「母が死んでほっとしました」原爆を生き抜いた「ヤングケアラー」がいた…いまだ「被爆者」に認定されず
広島、長崎への原爆投下から、今年で79年。体験者たちにとって「あの日」は過去のことではない。 【写真】原爆投下時に遊んでいた場所に立つ松尾さん「母が死んで、ほっとしました。ようやく母ちゃんが楽になったー、って」 4歳で原爆を体験した松尾栄千子(えちこ)さんは、病に倒れた両親を介護し、家事を一身に担うようになった。炊事に洗濯、畑の仕事まで。「あかぎれだらけになった私の手を見て、母は泣いていました」。83歳になった今でも、思い出しては涙をこぼす。 自身も闘病しながら、高校進学もあきらめて家族を支えた日々。彼女は、原爆が生んだ「ヤングケアラー」だった。その苦しみは、今に至るまで取り残されている。
爆風に吹き付けられて
数分歩けばそこは海、というような長崎市の網場(あば)町に松尾さんは生まれた。

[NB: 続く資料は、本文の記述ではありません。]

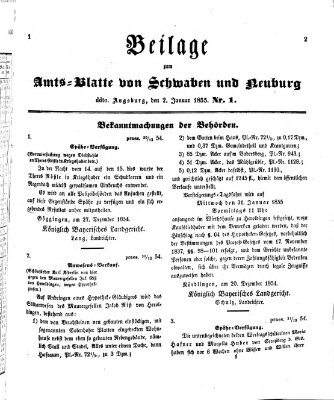 Königlich Bayerisches Kreis-Amtsblatt von Schwaben und Neuburg Dienstag 2. Januar 1855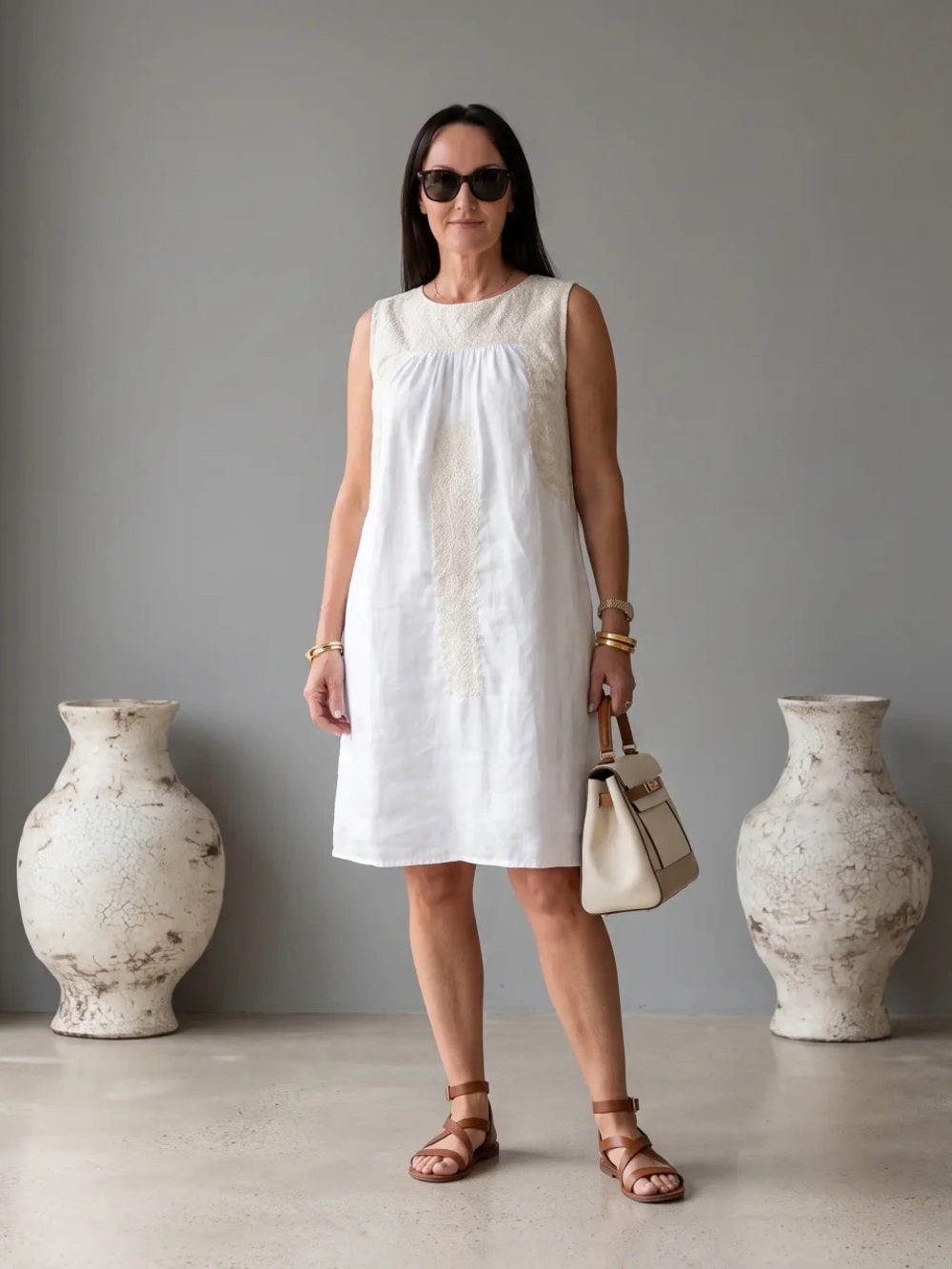 Madewell White Sleeveless Embroidered Linen Dress - size S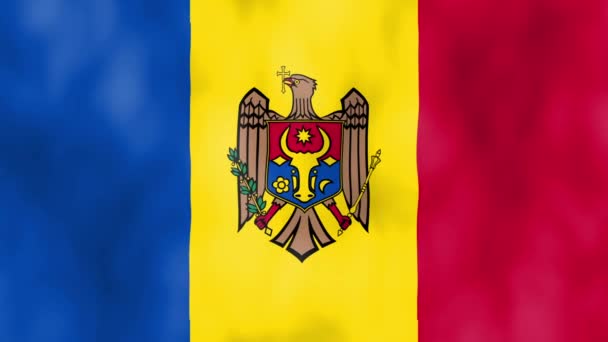 Bandeira Moldávia Fundo Acenando Ilustração Animação — Vídeo de Stock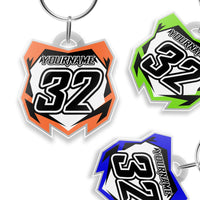 Custom Acrylic MX Racing Number Plate Keychain - MX02 Style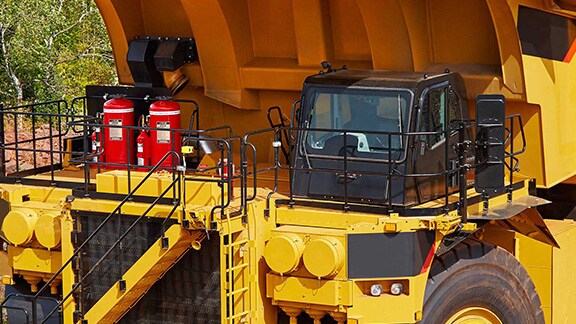 JCB with fire safety equipment.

当時は日見村の一部で、町名には魚を捕るために網を仕掛ける場所、という意味がある。潮風が流れ、山にも近い。 船大工の父とそれを手伝う母、2人の姉と兄のもとに松尾さんは生まれた。太平洋戦争が始まったのは、1歳になってまもない頃。長崎も市街地を中心にたびたび空襲に見舞われたが、彼女自身は「戦争」を理解してはいなかった。戦争末期には妹が生まれ、松尾さんは4歳になっていた。 近所に、仲良しのお友達がいた。1つ年下のシンコちゃんだ。きょうだいとは年が離れていたから、彼女と人形遊びやおままごとをして、1日中一緒に過ごした。 1945年8月9日の朝も、シンコちゃんを誘って近くの海へ。兄たちはパンツ一丁で気持ちよさそうに泳いでいたが、まだ幼かった松尾さんたちは、海に入ってはいけないと言いつけられていた。打ち上げられた石を拾い集めたり、道に絵を描いたりして遊んでいた。 午前11時2分、米軍爆撃機「ボックス・カー号」が投下した原子爆弾が上空500mでさく裂。松尾さんがいた地点は爆心地から約8km離れていた。 ピカッと光り、吹き飛ばされそうなほど強い風が吹きつけた。海を見ると、泳いでいたはずの兄たちがいない。爆風で押さえつけられて、海中に沈んだようだった。 巻き上げられた砂利や小石がからだに当たる。「痛い、痛い」と言いながらシンコちゃんの家へ逃げ込んだ。トタンの壁が揺れ、ギイギイと音を立てながら外れて飛んで行く。内部の土壁も、ポロポロと崩れ始めていた。 まだ幼かったからだろうか、「怖い」という感情はそれほどなかった。玄関のすき間から外を見ると、大きな木が弓のように曲げられて、折れもせずに倒れている様子が見えた。爆風の衝撃に、ただただ驚いていた。 まもなく父が迎えに来てくれて、暗渠(あんきょ)に避難してから家へ帰った。窓ガラスが割れ、外れた障子やふすまがあちこちに散乱してぐちゃぐちゃになっていたのを母は片づけていた。幸いにも兄たちは海から避難し、先に家に帰っていて無事だった。 何時ごろのことかは覚えていないが、パラパラと雨が降ってきた記憶もある。芋の葉っぱから、黒いしずくがぽたぽたと落ちるのもその目で見た。灰が降って裏手の山も白っぽくなり、畑で育てていた野菜にも降りかかっていた。だが、当時は「被ばく」のことなど思いもしなかった。